## RECORD EXCERPTS

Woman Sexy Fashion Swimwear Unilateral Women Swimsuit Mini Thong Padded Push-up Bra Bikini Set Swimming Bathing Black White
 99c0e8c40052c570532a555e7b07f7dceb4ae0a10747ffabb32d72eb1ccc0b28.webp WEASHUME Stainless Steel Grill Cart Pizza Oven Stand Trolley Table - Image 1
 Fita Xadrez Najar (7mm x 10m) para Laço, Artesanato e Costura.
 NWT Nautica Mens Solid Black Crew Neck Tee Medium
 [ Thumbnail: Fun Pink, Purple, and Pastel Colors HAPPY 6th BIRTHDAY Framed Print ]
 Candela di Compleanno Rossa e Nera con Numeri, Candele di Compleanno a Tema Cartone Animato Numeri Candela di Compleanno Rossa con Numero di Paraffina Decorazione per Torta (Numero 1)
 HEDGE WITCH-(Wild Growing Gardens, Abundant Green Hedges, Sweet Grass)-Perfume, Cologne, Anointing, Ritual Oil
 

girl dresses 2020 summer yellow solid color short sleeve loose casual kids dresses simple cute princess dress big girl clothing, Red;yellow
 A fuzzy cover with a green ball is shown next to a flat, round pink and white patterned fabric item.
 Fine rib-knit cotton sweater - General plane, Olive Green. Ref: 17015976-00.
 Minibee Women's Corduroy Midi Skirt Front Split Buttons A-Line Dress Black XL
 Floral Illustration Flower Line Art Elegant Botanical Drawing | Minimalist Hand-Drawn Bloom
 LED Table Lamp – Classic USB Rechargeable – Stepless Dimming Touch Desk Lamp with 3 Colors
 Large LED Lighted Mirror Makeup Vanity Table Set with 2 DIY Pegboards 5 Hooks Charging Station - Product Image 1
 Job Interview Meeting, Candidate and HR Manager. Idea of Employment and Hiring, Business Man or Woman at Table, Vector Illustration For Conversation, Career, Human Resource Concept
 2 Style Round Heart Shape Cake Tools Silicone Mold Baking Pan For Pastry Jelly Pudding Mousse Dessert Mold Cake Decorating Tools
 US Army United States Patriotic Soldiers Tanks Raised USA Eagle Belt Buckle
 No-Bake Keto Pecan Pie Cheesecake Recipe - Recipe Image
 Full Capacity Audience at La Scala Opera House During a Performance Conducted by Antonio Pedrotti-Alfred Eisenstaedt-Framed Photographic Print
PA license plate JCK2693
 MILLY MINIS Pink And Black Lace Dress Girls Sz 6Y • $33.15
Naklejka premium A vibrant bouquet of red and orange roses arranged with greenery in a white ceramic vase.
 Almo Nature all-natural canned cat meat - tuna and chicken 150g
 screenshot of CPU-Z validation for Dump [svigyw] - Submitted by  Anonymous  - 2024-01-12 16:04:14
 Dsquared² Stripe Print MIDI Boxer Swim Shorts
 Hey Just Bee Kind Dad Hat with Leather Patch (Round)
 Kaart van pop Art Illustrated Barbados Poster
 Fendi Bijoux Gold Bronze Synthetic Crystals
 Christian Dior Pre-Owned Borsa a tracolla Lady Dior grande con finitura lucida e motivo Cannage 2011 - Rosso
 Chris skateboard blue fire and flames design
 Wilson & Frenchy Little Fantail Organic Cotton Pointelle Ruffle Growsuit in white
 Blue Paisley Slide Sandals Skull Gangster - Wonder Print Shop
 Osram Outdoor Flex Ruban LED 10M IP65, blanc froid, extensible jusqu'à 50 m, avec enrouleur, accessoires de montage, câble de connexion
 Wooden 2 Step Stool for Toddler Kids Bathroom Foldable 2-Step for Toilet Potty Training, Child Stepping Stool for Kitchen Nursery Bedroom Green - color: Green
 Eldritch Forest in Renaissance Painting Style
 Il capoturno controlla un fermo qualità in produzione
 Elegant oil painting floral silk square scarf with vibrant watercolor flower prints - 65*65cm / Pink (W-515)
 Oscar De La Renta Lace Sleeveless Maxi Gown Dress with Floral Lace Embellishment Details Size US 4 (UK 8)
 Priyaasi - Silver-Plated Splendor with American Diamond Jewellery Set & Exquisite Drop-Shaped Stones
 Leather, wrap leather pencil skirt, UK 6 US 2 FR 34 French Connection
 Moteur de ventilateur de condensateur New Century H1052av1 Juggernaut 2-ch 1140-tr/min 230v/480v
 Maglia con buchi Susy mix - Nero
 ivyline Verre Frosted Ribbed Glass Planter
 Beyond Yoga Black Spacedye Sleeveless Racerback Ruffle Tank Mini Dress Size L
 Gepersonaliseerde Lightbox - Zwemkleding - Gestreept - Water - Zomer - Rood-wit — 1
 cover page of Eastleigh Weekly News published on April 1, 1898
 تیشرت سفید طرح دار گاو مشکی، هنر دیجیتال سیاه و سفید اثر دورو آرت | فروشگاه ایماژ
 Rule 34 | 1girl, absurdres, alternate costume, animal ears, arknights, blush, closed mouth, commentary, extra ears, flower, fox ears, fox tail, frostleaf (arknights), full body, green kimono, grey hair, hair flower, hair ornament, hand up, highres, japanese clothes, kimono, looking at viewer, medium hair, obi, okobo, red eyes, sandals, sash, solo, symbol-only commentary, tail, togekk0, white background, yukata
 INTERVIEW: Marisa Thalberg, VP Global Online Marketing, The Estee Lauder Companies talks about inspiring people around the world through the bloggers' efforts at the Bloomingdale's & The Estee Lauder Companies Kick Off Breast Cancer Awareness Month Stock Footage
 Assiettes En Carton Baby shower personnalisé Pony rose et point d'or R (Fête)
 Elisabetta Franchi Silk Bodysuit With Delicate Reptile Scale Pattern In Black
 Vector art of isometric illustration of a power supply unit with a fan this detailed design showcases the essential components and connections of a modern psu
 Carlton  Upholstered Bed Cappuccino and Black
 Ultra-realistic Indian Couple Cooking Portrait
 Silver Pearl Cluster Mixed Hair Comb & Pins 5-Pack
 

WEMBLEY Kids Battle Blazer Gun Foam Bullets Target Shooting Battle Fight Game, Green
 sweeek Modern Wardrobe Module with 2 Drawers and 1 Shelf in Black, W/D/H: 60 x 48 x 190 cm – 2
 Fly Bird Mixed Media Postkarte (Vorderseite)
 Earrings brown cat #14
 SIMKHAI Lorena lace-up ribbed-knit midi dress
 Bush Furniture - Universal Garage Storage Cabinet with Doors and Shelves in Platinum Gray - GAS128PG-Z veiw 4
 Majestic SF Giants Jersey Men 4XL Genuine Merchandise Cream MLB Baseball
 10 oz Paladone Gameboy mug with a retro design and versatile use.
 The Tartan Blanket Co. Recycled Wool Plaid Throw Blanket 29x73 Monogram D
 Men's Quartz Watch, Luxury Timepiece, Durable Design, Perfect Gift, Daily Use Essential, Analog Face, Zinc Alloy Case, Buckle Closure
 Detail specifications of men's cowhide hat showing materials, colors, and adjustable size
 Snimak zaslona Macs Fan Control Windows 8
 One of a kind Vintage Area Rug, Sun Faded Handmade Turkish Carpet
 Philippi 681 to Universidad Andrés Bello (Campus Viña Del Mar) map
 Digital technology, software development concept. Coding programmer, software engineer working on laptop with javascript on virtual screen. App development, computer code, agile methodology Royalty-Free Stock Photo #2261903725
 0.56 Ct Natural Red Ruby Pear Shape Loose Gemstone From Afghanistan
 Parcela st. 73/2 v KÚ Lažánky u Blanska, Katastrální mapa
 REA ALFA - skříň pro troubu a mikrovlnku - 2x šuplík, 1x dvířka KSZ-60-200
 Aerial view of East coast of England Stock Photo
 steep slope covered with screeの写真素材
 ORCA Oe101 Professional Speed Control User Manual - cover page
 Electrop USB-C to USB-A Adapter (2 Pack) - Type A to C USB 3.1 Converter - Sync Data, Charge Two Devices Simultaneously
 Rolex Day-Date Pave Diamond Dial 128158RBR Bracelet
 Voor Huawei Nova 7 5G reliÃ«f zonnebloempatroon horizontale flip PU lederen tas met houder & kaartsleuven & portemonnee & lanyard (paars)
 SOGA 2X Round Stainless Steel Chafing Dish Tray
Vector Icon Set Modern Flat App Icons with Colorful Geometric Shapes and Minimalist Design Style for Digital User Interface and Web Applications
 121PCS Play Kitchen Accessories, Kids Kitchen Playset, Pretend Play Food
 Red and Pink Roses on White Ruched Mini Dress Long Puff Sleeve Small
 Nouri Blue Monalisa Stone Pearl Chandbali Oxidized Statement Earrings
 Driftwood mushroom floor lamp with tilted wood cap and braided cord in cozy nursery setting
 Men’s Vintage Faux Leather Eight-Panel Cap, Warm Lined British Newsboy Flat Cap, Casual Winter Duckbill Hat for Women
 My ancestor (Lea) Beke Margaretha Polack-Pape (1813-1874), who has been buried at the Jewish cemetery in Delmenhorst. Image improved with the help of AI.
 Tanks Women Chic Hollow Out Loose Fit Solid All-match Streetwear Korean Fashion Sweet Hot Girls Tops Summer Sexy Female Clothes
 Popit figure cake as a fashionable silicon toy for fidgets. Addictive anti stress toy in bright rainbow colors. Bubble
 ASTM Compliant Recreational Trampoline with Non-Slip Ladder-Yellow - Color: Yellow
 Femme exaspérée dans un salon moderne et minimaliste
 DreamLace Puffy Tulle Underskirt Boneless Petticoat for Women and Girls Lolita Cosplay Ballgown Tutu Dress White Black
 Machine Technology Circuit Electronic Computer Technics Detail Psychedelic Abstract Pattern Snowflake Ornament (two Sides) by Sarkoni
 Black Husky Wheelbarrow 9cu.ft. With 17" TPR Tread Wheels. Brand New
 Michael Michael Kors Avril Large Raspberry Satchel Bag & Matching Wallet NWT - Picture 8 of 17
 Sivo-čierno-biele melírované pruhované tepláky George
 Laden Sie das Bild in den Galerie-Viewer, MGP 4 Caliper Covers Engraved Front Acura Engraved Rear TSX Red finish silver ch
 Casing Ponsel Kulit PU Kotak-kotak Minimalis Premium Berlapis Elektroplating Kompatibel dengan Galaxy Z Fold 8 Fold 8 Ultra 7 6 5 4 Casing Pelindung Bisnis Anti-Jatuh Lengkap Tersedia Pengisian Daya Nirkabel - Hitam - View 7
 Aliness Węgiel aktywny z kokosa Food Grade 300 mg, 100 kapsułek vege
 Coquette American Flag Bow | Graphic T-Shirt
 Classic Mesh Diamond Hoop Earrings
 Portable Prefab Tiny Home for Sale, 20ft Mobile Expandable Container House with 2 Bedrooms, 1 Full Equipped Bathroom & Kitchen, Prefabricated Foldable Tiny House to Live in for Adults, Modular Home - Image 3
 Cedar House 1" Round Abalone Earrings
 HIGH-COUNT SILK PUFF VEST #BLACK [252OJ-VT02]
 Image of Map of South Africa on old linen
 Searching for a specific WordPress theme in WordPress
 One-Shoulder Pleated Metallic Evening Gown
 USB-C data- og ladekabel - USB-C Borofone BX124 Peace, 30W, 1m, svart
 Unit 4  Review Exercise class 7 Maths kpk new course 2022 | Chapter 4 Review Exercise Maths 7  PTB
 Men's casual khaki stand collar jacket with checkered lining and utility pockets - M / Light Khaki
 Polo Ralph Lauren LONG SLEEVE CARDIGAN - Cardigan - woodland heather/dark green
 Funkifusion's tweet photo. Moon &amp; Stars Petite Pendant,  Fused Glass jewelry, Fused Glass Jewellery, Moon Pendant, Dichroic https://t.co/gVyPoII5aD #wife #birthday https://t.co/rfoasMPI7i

## THE TASK
Look through the data above and return exactly the lines from the one that contains "10 oz Paladone" to the one that contains "Rolex Day-Date Pave", inclusive, with nothing else.

## SOLUTION TO THIS PROBLEM
 10 oz Paladone Gameboy mug with a retro design and versatile use.
 The Tartan Blanket Co. Recycled Wool Plaid Throw Blanket 29x73 Monogram D
 Men's Quartz Watch, Luxury Timepiece, Durable Design, Perfect Gift, Daily Use Essential, Analog Face, Zinc Alloy Case, Buckle Closure
 Detail specifications of men's cowhide hat showing materials, colors, and adjustable size
 Snimak zaslona Macs Fan Control Windows 8
 One of a kind Vintage Area Rug, Sun Faded Handmade Turkish Carpet
 Philippi 681 to Universidad Andrés Bello (Campus Viña Del Mar) map
 Digital technology, software development concept. Coding programmer, software engineer working on laptop with javascript on virtual screen. App development, computer code, agile methodology Royalty-Free Stock Photo #2261903725
 0.56 Ct Natural Red Ruby Pear Shape Loose Gemstone From Afghanistan
 Parcela st. 73/2 v KÚ Lažánky u Blanska, Katastrální mapa
 REA ALFA - skříň pro troubu a mikrovlnku - 2x šuplík, 1x dvířka KSZ-60-200
 Aerial view of East coast of England Stock Photo
 steep slope covered with screeの写真素材
 ORCA Oe101 Professional Speed Control User Manual - cover page
 Electrop USB-C to USB-A Adapter (2 Pack) - Type A to C USB 3.1 Converter - Sync Data, Charge Two Devices Simultaneously
 Rolex Day-Date Pave Diamond Dial 128158RBR Bracelet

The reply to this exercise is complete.